Notwithstanding Antoine’s discouraging experience of camel-riding, Madame de Hell, a few days afterwards, essayed the same experiment, with the result that, like her poor dragoman, she made a vow never to repeat it. Somewhat later, she had an opportunity of witnessing a very curious illustration—and one very amusing to the lookers-on—of the natural vindictiveness of these rough steeds. We give the adventure in her own words:—
“Everybody knows that the camel possesses the faculty of ruminating the food already stored in one of his stomachs, and that he willingly enough grants himself this pleasure when he has nothing to eat; but it is not generally known, perhaps, that he possesses sufficient malice to make, when an opportunity arises, this prerogative a means of vengeance.
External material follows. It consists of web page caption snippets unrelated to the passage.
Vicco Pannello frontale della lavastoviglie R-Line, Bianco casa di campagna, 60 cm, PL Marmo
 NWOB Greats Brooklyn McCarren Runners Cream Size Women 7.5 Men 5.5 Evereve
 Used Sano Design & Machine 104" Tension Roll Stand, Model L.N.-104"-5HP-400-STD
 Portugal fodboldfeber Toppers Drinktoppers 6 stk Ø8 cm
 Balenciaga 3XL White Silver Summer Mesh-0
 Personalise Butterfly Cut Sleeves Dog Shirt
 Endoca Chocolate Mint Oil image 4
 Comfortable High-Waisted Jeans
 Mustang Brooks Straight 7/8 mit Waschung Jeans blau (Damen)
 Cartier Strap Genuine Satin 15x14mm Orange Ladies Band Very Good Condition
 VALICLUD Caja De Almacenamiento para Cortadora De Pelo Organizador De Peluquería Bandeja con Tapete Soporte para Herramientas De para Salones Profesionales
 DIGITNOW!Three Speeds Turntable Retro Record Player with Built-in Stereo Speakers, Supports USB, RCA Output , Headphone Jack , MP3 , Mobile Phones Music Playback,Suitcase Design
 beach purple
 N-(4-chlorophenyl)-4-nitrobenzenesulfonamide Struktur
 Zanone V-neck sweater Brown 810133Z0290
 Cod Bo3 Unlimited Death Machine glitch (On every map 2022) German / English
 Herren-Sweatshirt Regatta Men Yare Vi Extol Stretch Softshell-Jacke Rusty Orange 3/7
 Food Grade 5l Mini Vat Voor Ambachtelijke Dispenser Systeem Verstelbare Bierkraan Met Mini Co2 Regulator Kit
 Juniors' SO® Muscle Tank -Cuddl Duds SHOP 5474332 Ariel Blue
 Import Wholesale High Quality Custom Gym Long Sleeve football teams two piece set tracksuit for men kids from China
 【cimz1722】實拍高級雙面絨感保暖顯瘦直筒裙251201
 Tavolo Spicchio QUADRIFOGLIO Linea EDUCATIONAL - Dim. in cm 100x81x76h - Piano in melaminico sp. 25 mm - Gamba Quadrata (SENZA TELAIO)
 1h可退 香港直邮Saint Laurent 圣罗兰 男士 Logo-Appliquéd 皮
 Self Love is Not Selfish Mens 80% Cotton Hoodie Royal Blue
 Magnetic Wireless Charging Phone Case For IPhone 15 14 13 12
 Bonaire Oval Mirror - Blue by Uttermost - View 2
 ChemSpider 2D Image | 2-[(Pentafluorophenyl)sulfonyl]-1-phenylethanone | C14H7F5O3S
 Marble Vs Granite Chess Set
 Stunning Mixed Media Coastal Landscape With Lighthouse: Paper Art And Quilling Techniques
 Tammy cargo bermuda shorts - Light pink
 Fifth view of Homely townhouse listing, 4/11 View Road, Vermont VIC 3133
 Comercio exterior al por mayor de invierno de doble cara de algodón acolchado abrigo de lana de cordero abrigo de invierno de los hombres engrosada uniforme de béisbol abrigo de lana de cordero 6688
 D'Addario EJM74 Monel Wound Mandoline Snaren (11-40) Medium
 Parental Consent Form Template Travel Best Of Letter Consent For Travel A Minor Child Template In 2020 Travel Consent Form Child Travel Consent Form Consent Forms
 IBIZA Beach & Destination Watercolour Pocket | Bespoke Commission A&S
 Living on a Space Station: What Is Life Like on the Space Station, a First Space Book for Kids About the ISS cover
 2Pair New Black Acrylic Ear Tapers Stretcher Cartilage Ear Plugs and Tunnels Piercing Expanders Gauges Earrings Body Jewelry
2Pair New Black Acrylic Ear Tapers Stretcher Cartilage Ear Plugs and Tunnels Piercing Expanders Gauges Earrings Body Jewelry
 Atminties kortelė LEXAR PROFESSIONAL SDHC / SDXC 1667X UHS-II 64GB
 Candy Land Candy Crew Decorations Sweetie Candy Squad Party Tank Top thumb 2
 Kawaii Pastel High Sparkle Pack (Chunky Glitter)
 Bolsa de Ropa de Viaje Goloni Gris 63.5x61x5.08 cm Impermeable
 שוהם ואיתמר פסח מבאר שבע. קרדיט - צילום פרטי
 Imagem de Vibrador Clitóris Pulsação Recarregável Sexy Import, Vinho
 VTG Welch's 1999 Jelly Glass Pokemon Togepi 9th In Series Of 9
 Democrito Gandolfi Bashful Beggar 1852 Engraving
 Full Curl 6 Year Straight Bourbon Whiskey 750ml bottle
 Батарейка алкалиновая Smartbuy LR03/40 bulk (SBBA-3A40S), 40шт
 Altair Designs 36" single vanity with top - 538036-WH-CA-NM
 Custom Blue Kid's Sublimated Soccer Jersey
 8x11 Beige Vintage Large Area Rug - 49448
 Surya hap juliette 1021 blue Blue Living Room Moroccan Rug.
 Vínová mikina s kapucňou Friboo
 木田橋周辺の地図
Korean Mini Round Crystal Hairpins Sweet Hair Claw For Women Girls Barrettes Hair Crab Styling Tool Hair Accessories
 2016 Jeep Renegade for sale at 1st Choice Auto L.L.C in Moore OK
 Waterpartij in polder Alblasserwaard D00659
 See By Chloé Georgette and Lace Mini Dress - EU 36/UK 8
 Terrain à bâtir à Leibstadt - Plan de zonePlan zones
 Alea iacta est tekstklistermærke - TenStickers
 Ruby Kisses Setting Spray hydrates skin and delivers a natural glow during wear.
“I had noticed in the morning that one of our camel-drivers appeared on bad terms with his beast. He vainly tried to master him by punishment, pulling with all his might the cord which passed through the animal’s nostril; the latter was obstinate, and threw himself every moment on the ground, a proof of rebellion. The Kalmuck, irritated by the struggle, profited by a halt to dismount, and inflict severe chastisement on the recalcitrant; but the camel, disdainfully raising his long neck, followed with so malicious an eye all his tyrant’s movements, that without doubt he was revolving some project of revenge in his head. And so it happened that he quietly waited until the Kalmuck stood opposite to him; then, opening his great mouth, he ejected full in the camel-driver’s face a double volley of masticated herbs, mixed with slaver and all sorts of filthiness. It would be impossible to describe the air of satisfied vengeance with which the camel raised his neck, and moved his head from one side to another, as if in quest of applause. What astonished me most in this affair was his master’s moderation after undergoing such an outrage. He wiped himself coolly, remounted his saddle, and caressed the neck of the ill-bred animal, as if he had received the most flattering compliment. A good understanding being thus strangely re-established, they went on their way peaceably, without giving another thought to what had taken place.”